Paralelamente, desde 2005 se contó con un programa de fortalecimiento del Sistema Nacional de Areas Protegidas, coordinado por el Ministerio del Ambiente y el MGAP. Dotado con casi 8 millones de dólares, uno de sus componentes debía haber sido dejar en claro la importancia económica y productiva de mantener áreas naturales protegidas. Si esto hubiera funcionado, el entorno presidencial ya debería saber que las dunas del Cabo Polonio y otros sitios naturales no son inútiles, y que su conservación tiene beneficios ambientales pero también económicos.
No puede decirse que el Estado no tenía recursos para explorar alternativas a las contradicciones entre ambiente y desarrollo, ni que la presidencia nada sabía sobre estos proyectos. Pero parecería que se fracasó en dejar en claro, o entender, esos mensajes.
Es así que una y otra vez se minimizan los impactos ambientales.

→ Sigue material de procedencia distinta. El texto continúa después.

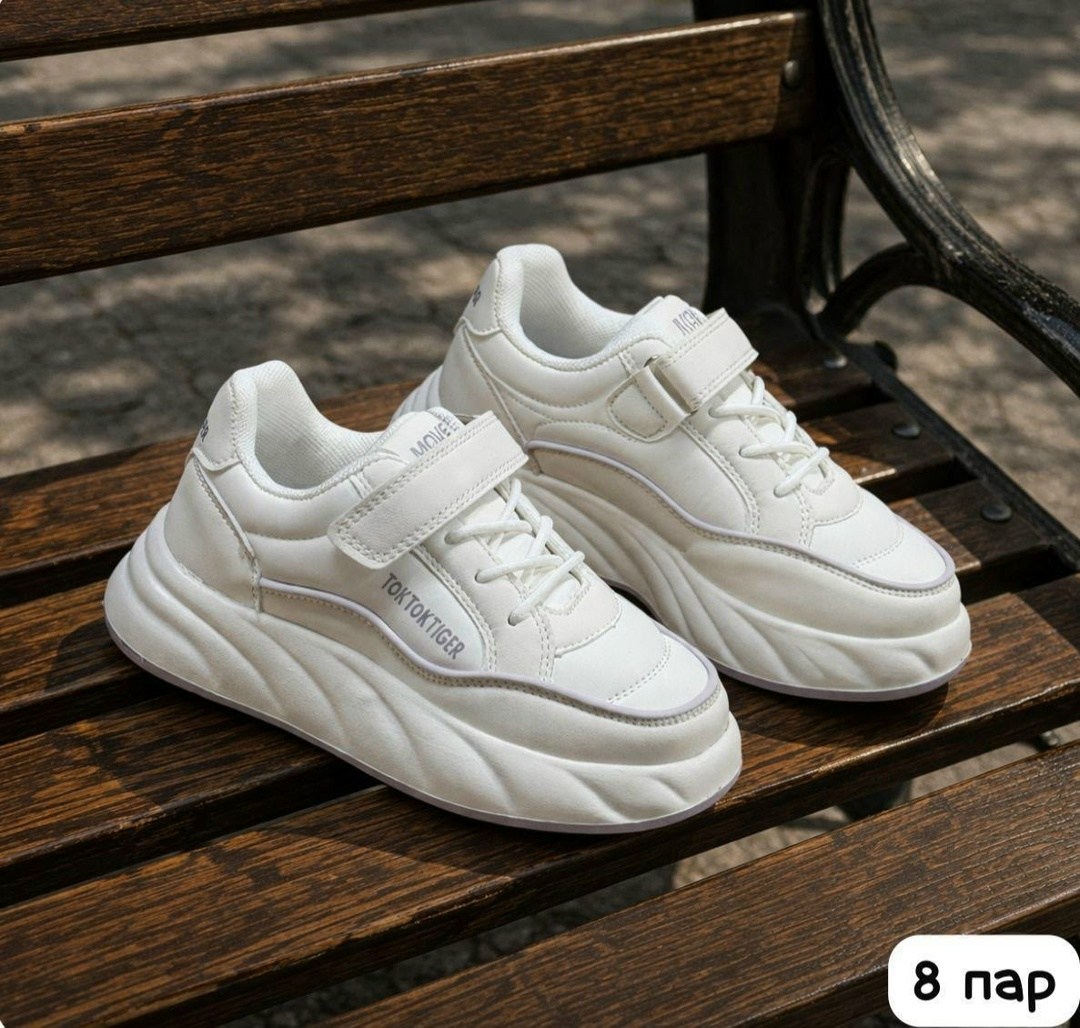 ,кроссовки женскиe,кроссовки женские черные,черные кроссовки,кроссовка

No comentaré sobre las imprecisiones más gruesas de los recientes dichos presidenciales, tales como hablar del poco consumo de agua por Aratirí, pero nada decir sobre su embalse de relaves de más de 2400 has., o hablar sobre los “ingresos” que tendría el gobierno, sin que se sepa si alguien calculó las pérdidas (desde las agropecuarias hasta los subsidios en energía y aguas).

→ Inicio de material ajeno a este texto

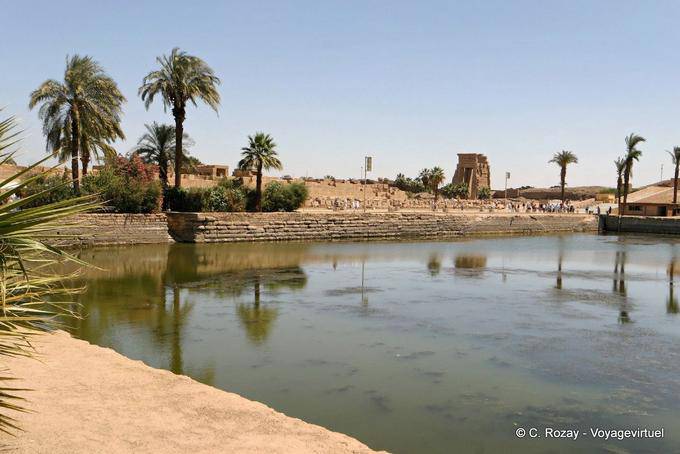 Die heiligen See des Tempels von Karnak - Aegypten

Se intenta, en cambio, centrar la discusión pública en cuánto cobrarle a la empresa, y cómo invertir y distribuir ese dinero, y no sobre la conveniencia de la minería en sí misma. Eso implica sopesar los impactos productivos, sociales y ambientales solamente por sus beneficios o compensaciones económicas. Si el impacto es muy elevado, reclamaríamos una mayor tajada de la rentabilidad de la empresa, buscando cruzar un umbral donde la gente esté dispuesta a aceptar el deterioro de paisajes o la contaminación.
Ese camino ya se ha intentado en varios países, y casi siempre termina mal. Veamos: En Estados Unidos, la ultraconservadora Sarah Palin con orgullo enviaba un cheque anual a cada poblador con su tajadita de la ganancia petrolera; una medida indispensable para tolerar la destrucción de las áreas naturales en Alaska. Si la idea presidencial es repartir un bono de las ganancias mineras entre cada uruguayo, estaríamos repitiendo la estrategia neoliberal inaugurada por Gonzalo Sánchez de Losada años atrás, en Bolivia. Pero más recientemente, en ese mismo país, Evo Morales ha diseminado todavía más un impuesto directo a los hidrocarburos, que en buena parte va a comunidades locales pero sin efectividad en generar desarrollo genuino, aunque muy efectivo en disparar disputas sobre su monto, reparto y manejo.
Las compensaciones económicas no diversifican las economías, y son ecológicamente ciegas (por más dinero que reciba un poblador local, el suelo fértil perdido o los árboles talados, no necesariamente se recuperarán). Mirar a Noruega, como hizo Mujica, tampoco es correcto, ya que sus hidrocarburos se obtienen en el mar, mientras que el hierro uruguayo no viene del océano, sino que reemplazará tierras agrícola-ganaderas, un recurso que es renovable de aquí a la eternidad.
Nos acecha también el extremo por el cual los más pobres y los asalariados terminan defendiendo la expoliación ecológica. Hay una larga lista de sindicatos que defienden la minería, a pesar de los impactos sobre su propia salud. El caso más dramático tiene lugar en La Oroya, en Perú, una de las diez ciudades más contaminadas del planeta. Allí, muchos de sus pobladores y sindicatos defienden a la minera y la siderurgia local, ante al temor de perder sus fuentes de trabajo, aunque eso los está matando poco a poco.
Frente a estos casos me pregunto, ¿es un buen camino para la izquierda uruguaya repetir a los conservadores de Estados Unidos, copiar la problemática boliviana, o apostar a la lógica del sacrificio?